Task statement:
In the entries below, find every line holding the string "River" and collect it.
================================
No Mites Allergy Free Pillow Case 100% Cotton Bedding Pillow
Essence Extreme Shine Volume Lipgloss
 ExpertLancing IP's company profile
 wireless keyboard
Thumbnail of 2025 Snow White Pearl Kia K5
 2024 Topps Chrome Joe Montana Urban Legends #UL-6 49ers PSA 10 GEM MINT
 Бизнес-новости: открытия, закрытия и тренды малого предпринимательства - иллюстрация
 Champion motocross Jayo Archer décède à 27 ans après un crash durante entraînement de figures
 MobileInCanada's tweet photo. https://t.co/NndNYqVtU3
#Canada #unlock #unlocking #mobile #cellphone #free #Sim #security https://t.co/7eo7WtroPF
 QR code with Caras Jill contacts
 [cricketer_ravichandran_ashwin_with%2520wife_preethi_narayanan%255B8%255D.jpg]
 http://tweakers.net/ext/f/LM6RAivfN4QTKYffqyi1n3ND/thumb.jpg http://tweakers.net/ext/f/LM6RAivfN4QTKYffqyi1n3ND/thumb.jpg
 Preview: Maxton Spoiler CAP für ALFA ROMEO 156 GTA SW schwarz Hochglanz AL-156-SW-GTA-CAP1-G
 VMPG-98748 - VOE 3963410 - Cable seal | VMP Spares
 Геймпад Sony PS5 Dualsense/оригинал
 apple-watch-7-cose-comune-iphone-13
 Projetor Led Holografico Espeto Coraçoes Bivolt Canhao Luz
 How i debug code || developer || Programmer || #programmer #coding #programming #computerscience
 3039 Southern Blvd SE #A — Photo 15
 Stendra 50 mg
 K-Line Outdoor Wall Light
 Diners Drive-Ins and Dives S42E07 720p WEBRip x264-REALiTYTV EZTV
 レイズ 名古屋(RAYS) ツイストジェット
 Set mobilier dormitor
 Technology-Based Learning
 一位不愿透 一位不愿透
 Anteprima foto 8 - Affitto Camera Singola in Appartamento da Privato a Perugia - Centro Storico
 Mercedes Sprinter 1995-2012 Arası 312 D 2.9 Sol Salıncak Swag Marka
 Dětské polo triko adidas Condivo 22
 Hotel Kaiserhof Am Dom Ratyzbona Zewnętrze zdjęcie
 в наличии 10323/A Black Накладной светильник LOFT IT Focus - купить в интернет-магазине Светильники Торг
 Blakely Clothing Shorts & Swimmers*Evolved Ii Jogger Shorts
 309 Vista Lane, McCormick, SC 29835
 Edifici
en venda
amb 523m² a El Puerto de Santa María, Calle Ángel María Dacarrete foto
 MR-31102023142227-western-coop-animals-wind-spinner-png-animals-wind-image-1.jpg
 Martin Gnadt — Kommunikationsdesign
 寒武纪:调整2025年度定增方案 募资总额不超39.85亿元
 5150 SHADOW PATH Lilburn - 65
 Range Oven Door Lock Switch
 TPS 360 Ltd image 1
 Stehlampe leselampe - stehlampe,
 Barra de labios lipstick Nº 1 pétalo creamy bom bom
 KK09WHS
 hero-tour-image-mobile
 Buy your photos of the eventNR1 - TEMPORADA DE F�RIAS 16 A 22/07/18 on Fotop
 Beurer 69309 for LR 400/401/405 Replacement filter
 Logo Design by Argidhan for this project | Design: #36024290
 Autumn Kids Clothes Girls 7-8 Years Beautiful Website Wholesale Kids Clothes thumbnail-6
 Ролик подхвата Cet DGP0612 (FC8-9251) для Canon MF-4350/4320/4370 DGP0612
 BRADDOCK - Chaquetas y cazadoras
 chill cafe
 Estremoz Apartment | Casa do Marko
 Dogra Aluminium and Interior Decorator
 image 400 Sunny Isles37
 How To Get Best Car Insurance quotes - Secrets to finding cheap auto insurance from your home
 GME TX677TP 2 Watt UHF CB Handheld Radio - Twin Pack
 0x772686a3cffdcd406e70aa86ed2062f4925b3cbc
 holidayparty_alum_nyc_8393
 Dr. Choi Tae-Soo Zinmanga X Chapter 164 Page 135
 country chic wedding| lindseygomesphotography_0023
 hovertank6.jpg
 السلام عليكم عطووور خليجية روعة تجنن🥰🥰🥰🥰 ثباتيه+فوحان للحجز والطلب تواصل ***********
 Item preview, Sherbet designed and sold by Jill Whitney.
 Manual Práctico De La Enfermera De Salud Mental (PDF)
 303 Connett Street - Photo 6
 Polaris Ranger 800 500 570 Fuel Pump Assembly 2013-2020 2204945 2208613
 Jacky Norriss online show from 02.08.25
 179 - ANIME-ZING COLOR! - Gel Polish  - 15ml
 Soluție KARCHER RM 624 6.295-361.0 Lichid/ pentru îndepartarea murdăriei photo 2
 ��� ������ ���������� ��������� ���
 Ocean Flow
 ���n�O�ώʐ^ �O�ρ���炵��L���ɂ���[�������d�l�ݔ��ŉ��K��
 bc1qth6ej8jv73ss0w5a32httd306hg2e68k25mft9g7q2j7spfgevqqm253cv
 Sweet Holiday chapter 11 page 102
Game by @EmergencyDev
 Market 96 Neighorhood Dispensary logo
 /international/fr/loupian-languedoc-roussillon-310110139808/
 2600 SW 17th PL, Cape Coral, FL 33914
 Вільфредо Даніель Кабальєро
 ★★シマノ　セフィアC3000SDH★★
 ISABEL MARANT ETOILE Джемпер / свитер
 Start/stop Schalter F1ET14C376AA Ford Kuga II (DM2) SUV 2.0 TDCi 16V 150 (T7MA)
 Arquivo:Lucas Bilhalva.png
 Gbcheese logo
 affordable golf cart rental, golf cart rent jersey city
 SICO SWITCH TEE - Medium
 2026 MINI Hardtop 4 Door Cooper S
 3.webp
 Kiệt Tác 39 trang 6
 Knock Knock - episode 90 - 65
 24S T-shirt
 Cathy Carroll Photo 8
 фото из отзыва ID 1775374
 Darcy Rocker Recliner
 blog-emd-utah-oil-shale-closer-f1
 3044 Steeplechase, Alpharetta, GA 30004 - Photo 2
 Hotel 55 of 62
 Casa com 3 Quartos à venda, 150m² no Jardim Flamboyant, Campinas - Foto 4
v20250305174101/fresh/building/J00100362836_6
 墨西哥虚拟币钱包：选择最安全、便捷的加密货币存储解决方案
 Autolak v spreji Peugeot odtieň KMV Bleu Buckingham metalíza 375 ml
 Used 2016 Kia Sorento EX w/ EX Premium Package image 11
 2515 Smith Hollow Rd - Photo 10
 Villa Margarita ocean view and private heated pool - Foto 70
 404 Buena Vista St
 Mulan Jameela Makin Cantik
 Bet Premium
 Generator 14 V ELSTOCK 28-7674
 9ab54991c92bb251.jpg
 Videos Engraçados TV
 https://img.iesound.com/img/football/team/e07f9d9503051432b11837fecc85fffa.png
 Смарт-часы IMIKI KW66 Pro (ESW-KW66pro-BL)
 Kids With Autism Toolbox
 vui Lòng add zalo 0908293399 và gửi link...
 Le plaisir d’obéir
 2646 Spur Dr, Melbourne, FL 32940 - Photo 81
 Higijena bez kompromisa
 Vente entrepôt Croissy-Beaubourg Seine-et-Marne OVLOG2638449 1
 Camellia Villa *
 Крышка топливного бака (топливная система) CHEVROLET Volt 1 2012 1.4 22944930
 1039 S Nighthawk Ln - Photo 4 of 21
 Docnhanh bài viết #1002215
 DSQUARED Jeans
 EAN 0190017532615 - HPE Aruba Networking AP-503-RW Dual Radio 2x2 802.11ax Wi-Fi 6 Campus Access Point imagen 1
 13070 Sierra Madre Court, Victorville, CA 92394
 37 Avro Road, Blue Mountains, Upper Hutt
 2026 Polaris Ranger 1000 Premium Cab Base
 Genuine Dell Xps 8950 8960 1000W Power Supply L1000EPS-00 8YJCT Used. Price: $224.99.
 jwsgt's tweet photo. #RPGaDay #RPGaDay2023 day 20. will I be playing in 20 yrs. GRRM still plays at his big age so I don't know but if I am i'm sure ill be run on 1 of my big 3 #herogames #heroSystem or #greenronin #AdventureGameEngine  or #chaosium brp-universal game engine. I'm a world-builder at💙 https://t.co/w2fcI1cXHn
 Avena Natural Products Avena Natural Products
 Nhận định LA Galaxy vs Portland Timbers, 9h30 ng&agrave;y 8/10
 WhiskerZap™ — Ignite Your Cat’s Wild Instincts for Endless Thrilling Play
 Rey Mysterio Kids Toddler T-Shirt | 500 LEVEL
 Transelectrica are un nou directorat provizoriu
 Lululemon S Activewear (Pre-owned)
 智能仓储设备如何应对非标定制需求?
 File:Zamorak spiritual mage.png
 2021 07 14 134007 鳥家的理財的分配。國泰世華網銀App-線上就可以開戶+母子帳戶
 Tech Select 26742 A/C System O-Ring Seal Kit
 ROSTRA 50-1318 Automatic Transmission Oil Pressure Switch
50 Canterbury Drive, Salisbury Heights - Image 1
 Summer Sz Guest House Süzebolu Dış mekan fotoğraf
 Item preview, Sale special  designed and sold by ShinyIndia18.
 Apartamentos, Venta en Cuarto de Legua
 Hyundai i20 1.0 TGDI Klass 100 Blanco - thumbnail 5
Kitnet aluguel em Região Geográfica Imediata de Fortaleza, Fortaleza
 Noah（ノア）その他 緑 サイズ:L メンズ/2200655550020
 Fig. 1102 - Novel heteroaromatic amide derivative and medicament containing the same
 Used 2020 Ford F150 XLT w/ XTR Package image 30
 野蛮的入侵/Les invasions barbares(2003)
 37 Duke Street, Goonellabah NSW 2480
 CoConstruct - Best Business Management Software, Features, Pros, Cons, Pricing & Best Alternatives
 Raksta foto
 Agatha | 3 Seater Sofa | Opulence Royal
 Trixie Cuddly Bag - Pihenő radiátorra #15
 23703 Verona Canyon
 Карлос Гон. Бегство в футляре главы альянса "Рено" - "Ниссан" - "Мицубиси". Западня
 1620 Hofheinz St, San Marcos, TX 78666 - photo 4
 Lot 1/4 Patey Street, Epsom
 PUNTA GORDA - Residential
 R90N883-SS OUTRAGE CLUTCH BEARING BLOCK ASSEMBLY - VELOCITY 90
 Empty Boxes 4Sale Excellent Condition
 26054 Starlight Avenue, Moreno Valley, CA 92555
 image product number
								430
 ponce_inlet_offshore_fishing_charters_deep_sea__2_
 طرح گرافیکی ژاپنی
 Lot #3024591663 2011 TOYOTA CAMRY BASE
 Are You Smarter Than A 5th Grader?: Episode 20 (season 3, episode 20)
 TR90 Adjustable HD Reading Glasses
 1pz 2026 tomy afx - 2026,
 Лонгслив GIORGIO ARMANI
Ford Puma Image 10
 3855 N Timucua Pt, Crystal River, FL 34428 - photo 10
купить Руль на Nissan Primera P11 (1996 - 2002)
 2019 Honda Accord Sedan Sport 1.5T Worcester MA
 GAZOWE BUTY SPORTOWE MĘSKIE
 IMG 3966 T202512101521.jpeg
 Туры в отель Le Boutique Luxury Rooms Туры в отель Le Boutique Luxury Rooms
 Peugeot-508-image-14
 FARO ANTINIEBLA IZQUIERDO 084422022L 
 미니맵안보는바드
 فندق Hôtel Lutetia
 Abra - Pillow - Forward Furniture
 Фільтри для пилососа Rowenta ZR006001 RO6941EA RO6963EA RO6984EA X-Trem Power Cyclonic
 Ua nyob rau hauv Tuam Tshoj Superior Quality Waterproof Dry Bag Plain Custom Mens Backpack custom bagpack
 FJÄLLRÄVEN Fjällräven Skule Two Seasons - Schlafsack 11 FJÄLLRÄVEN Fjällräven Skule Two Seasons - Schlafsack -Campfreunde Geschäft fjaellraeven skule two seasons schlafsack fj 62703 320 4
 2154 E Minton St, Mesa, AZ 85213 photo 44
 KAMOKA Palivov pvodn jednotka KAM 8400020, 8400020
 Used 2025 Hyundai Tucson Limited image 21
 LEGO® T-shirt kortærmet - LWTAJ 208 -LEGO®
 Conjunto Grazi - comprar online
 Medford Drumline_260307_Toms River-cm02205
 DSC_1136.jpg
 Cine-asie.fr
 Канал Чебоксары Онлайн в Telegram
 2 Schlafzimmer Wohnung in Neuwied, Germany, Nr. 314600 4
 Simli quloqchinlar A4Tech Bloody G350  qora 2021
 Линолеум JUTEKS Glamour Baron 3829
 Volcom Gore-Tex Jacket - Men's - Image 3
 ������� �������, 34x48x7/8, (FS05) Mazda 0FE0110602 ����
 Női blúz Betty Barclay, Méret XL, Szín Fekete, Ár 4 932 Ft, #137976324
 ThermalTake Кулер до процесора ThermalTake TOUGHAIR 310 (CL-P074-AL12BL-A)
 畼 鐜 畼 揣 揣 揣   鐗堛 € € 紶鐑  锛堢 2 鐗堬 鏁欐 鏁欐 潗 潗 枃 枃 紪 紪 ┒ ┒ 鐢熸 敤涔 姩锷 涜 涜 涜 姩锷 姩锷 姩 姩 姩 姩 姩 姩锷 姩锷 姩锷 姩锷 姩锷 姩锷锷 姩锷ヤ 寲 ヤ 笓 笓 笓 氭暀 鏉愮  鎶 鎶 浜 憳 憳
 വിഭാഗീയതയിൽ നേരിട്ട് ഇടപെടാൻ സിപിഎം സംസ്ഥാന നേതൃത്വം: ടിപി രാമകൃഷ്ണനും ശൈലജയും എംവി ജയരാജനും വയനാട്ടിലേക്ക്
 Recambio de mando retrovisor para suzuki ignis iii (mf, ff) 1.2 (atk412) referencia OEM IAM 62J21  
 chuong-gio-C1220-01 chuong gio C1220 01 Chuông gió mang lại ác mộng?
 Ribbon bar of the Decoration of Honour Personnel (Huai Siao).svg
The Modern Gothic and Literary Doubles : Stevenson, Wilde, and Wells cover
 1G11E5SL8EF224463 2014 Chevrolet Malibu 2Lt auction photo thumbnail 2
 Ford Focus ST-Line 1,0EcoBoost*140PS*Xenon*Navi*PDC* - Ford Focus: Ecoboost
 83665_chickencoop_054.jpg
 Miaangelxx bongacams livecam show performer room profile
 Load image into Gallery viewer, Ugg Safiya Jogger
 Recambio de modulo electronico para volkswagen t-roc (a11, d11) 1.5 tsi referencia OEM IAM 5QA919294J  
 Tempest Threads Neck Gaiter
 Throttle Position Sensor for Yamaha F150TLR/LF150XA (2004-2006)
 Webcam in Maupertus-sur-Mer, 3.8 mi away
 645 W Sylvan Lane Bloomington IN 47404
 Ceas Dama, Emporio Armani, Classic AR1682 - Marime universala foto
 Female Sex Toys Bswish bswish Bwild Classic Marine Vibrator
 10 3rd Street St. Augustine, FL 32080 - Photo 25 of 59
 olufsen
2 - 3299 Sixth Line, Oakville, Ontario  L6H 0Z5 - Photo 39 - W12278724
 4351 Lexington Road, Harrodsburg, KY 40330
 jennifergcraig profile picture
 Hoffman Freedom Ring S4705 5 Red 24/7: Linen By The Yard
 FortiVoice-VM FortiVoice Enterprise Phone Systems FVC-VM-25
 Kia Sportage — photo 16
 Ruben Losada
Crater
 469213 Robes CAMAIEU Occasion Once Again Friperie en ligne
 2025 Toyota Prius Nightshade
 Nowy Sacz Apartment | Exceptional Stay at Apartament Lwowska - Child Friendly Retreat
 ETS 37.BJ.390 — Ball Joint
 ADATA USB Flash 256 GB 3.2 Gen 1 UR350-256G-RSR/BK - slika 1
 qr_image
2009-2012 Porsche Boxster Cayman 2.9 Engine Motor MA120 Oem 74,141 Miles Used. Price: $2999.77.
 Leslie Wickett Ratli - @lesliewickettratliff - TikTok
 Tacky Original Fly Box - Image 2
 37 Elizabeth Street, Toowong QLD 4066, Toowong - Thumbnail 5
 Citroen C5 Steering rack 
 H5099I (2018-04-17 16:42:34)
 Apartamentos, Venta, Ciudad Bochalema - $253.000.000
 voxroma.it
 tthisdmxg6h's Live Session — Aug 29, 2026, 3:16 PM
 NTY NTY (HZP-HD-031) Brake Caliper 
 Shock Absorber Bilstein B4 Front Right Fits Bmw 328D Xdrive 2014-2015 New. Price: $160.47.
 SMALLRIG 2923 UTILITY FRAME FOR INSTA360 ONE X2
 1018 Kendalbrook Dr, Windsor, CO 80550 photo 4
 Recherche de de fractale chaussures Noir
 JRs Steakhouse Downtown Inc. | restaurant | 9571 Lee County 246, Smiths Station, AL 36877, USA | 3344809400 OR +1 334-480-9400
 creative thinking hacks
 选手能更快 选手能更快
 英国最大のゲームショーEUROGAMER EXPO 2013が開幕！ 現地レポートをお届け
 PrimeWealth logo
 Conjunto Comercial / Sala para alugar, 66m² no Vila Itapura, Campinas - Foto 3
================================
Result of the task:
 3855 N Timucua Pt, Crystal River, FL 34428 - photo 10
 Medford Drumline_260307_Toms River-cm02205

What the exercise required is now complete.